Jakarta – Fenomena bendera bajak laut One Piece yang ramai dikibarkan sebagai bentuk protes dan kekecewaan publik seharusnya direspons dengan dialog, bukan ancaman pidana atau kekerasan oleh oknum aparat. Hal itu ditegaskan Sekjen Aliansi Masyarakat dan Pemuda Nusantara Merah Putih (AMPUH), Heru Purwoko, dalam keterangannya kepada media, Jumat (8/8/2025).
Kekerasan Oknum TNI Jadi Sorotan
Heru menyoroti kasus viral di media sosial, di mana seorang oknum anggota TNI melakukan kekerasan fisik terhadap penjual sayur di Makassar, Sulawesi Selatan. Aksi tersebut dipicu karena sang penjual terlihat membawa bendera One Piece di dalam mobilnya.
“Oknum itu langsung menampar penjual sayur di depan anak dan istrinya.
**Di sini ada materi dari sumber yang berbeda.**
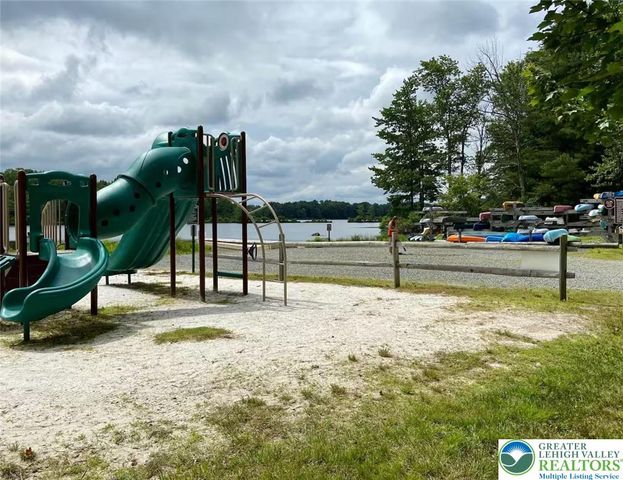 8 Mallard Court, Clifton Twp, PA 18424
Ini jelas tindakan yang tidak pantas dan memicu kemarahan publik,” ujar Heru.
Menurutnya, selama bendera One Piece tidak dikibarkan lebih tinggi dari Sang Saka Merah Putih atau menggantikannya, tidak ada aturan yang melarang. “Ini bukan bendera organisasi terlarang atau simbol negara asing. Bahkan, bukan bendera palu arit. Fenomena ini murni ekspresi kritik atau sekadar tren di kalangan anak muda,” tegasnya.
Ekspresi Simbolik Dilindungi Konstitusi
Heru menegaskan, kebebasan berekspresi, termasuk dalam bentuk simbolik seperti pengibaran bendera, dilindungi Pasal 28E Ayat (3) UUD 1945. “Fenomena One Piece ini bagian dari kebebasan mengemukakan pendapat. Pemerintah seharusnya merespons dengan bijak, bukan malah mengancam,” tambahnya.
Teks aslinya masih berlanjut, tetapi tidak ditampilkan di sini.